* Work order
Apart from the images, the records below need to be copied exactly.

:: Task inputs ::

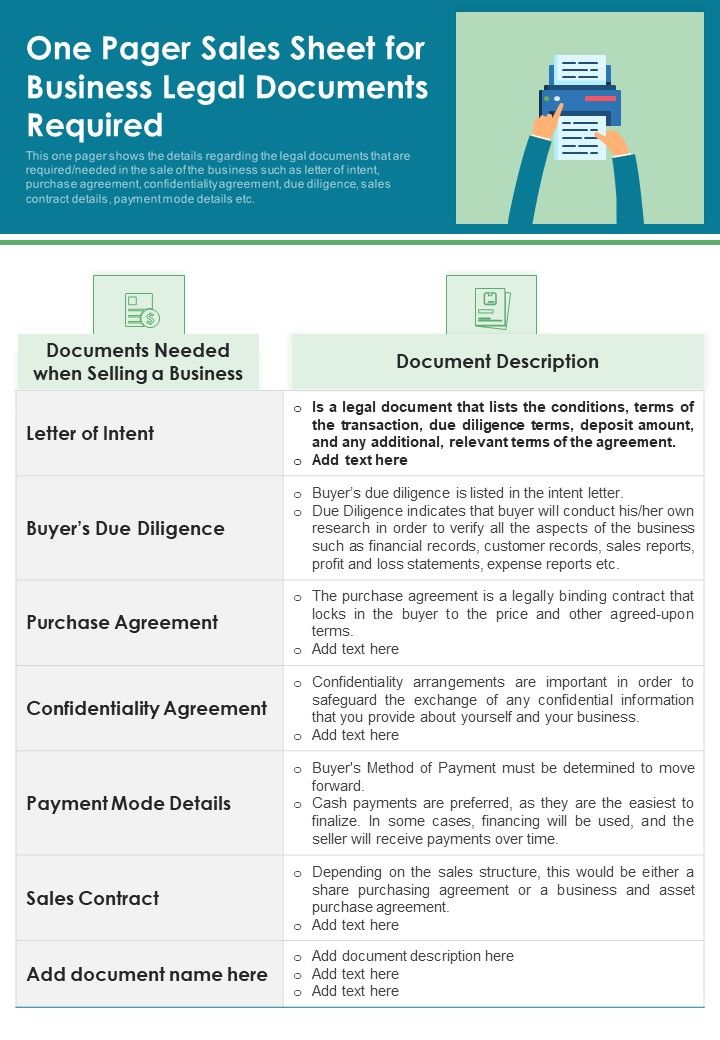 One Pager Sales Sheet For Business Legal Documents Required PDF Document PPT Template Slide01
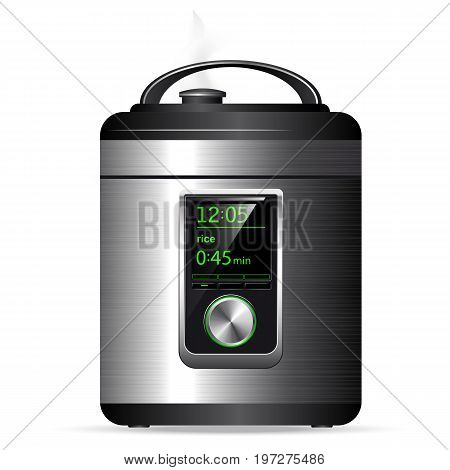 Modern Metal Multicooker. Pressure Cooker For Cooking Food Under Pressure. Electronic Control. Side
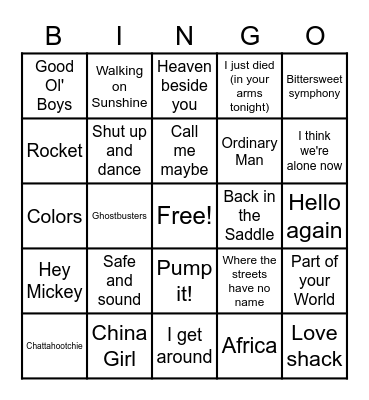 Roads favourites/Thursday Crew Bingo Card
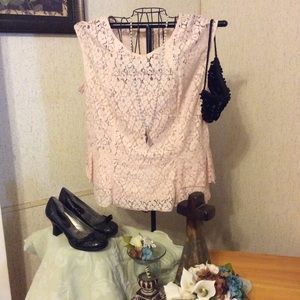 Heather Pink Lace Blouse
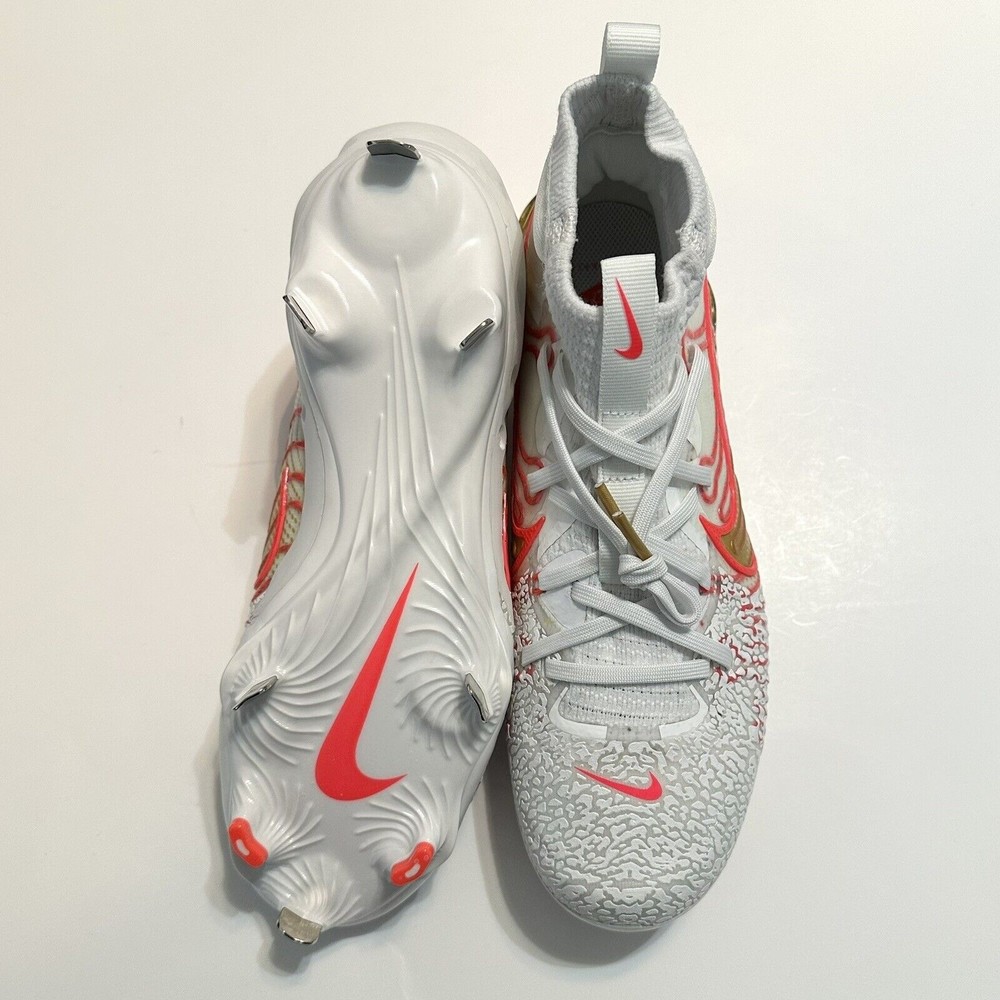 NIKE Alpha Huarache NXT Baseball Cleats Mens 11 Playoff Pack White Gold Crimson - Picture 4 of 7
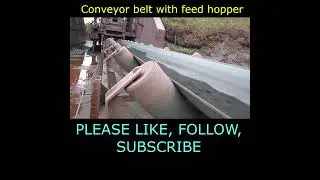 Conveyor belt with feed hopper || Belt conveyor || Material handling #shorts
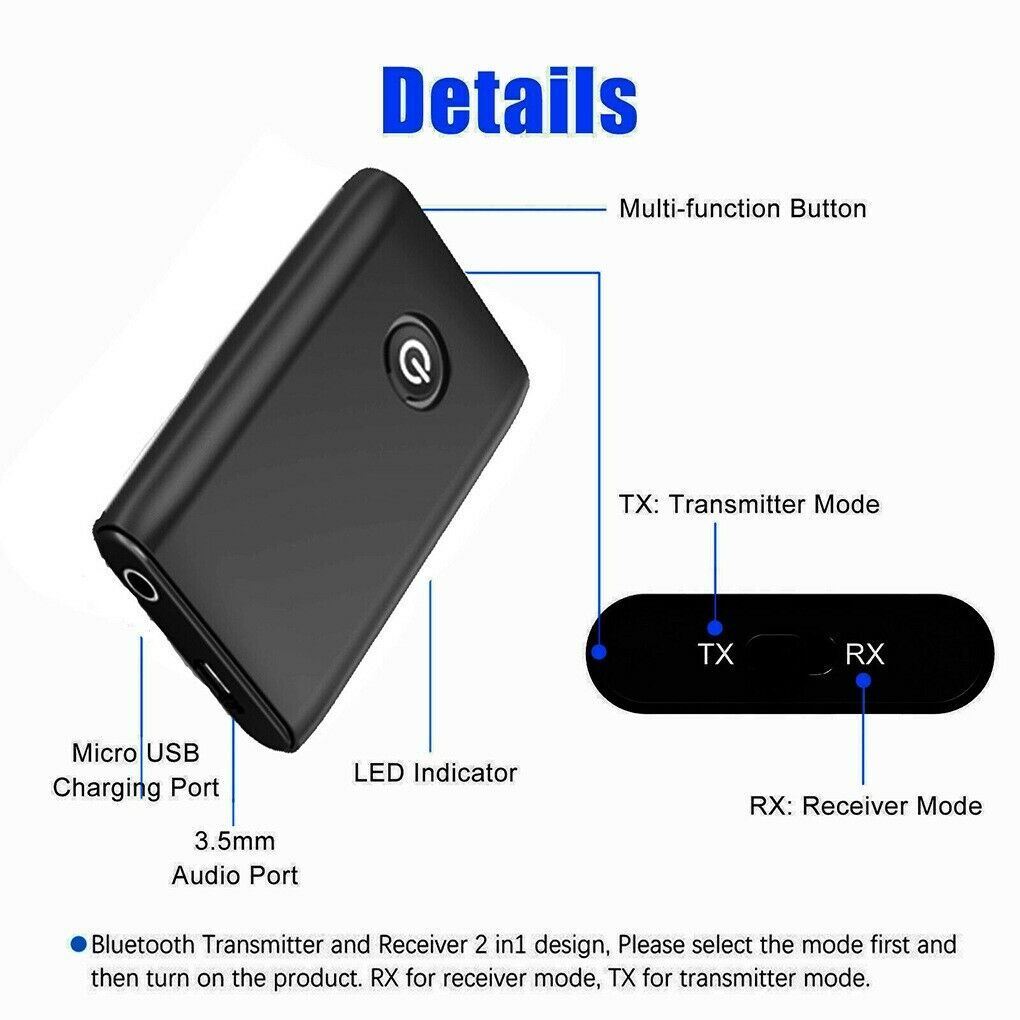 Bluetooth 5.0 Transmitter Receiver 2 IN 1 Wireless Audio 3.5mm Jack Aux Adapter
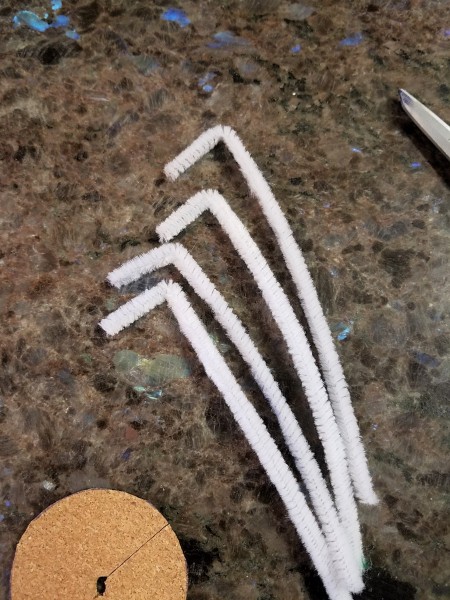 Faux Firecrackers - bending pipe cleaners for the fuses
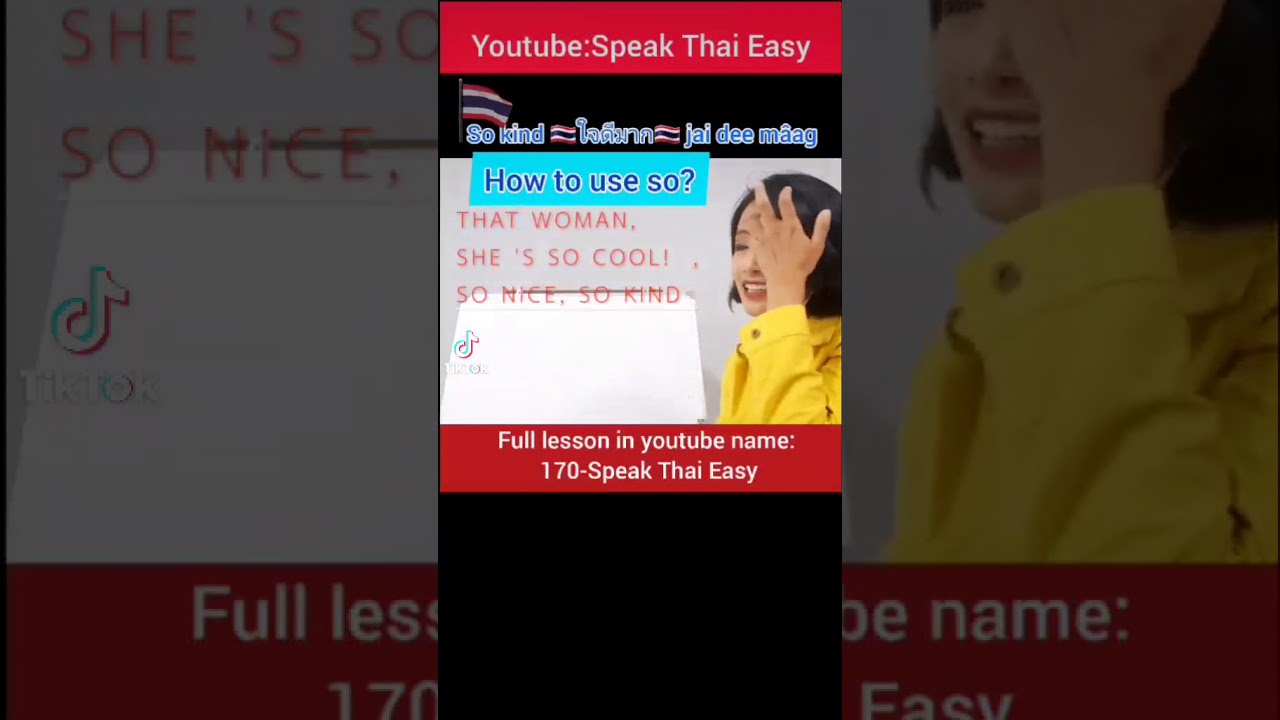 Learn Thai #Shorts 22 -So kind & So nice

:::

* Your solution
 One Pager Sales Sheet For Business Legal Documents Required PDF Document PPT Template Slide01
 Modern Metal Multicooker. Pressure Cooker For Cooking Food Under Pressure. Electronic Control. Side
 Roads favourites/Thursday Crew Bingo Card
 Heather Pink Lace Blouse
 NIKE Alpha Huarache NXT Baseball Cleats Mens 11 Playoff Pack White Gold Crimson - Picture 4 of 7
 Conveyor belt with feed hopper || Belt conveyor || Material handling #shorts
 Bluetooth 5.0 Transmitter Receiver 2 IN 1 Wireless Audio 3.5mm Jack Aux Adapter
 Faux Firecrackers - bending pipe cleaners for the fuses
 Learn Thai #Shorts 22 -So kind & So nice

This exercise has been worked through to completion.